Entries provided below:

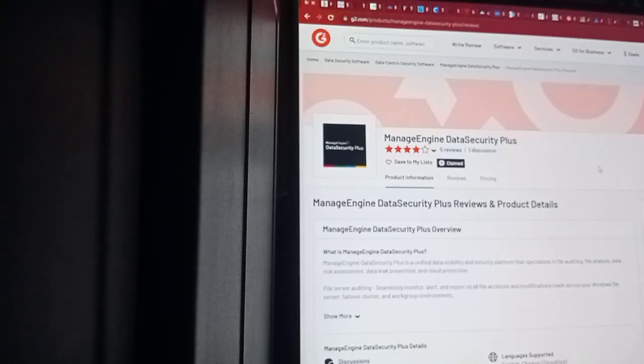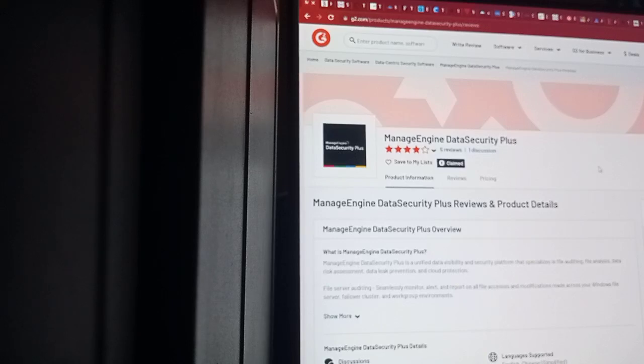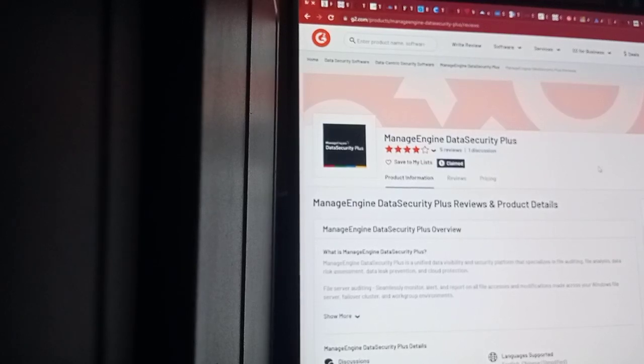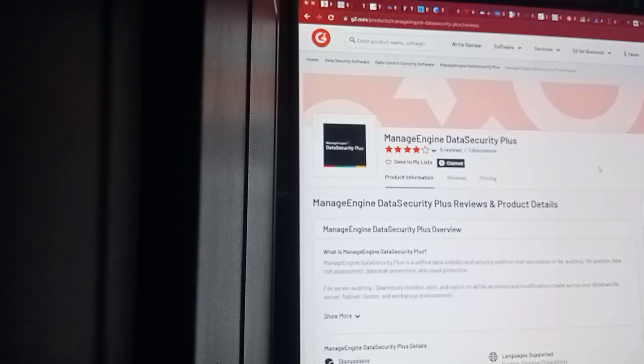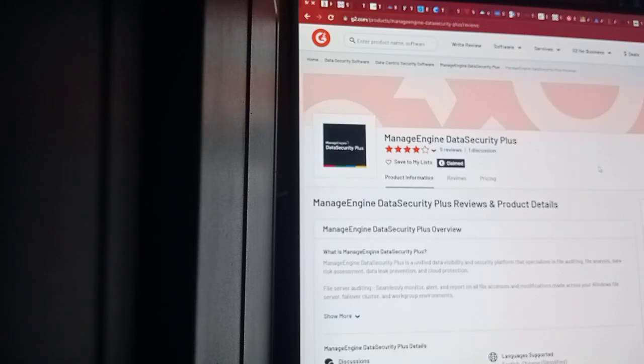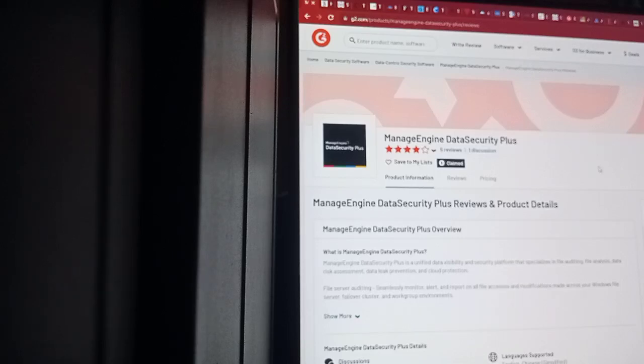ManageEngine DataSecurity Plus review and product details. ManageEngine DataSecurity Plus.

End of Entries provided.
Entries provided below:

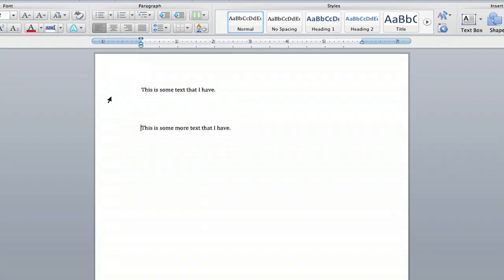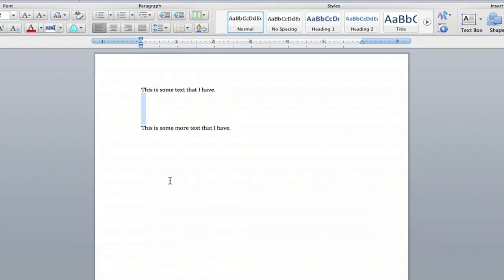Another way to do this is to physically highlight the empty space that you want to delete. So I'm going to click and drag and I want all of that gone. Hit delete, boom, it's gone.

End of Entries provided.
Entries provided below:

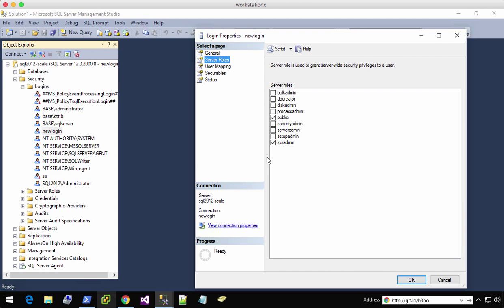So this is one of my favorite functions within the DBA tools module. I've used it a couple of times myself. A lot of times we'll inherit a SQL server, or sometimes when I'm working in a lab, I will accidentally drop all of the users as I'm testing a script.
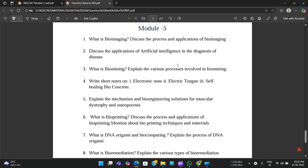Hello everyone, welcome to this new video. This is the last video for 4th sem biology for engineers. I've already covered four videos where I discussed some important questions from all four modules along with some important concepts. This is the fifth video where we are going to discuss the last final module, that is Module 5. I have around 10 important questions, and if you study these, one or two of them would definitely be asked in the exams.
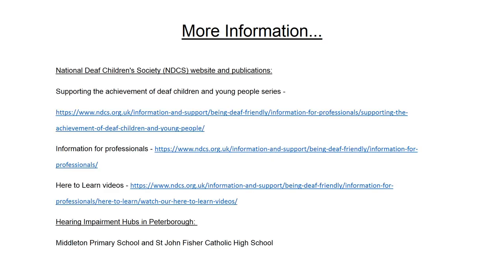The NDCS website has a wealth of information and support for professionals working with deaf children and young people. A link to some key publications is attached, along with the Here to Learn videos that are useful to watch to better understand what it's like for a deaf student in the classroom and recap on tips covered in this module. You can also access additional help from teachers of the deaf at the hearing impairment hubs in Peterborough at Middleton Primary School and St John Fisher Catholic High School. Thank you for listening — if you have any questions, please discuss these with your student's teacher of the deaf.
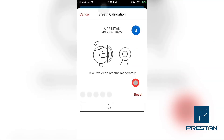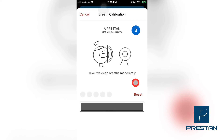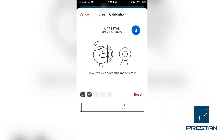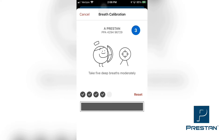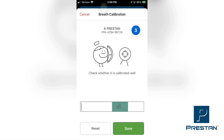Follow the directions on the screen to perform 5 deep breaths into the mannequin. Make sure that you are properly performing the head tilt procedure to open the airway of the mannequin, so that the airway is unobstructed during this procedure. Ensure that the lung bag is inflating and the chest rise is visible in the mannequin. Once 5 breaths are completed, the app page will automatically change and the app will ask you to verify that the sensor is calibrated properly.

End of Entries provided.

Work instruction ::
The expected output is the lines above from the one containing "So this is one" to the one containing "Hello everyone, welcome", both ends included, reproduced exactly with every picture left out.

Output below ::
So this is one of my favorite functions within the DBA tools module. I've used it a couple of times myself. A lot of times we'll inherit a SQL server, or sometimes when I'm working in a lab, I will accidentally drop all of the users as I'm testing a script.
Hello everyone, welcome to this new video. This is the last video for 4th sem biology for engineers. I've already covered four videos where I discussed some important questions from all four modules along with some important concepts. This is the fifth video where we are going to discuss the last final module, that is Module 5. I have around 10 important questions, and if you study these, one or two of them would definitely be asked in the exams.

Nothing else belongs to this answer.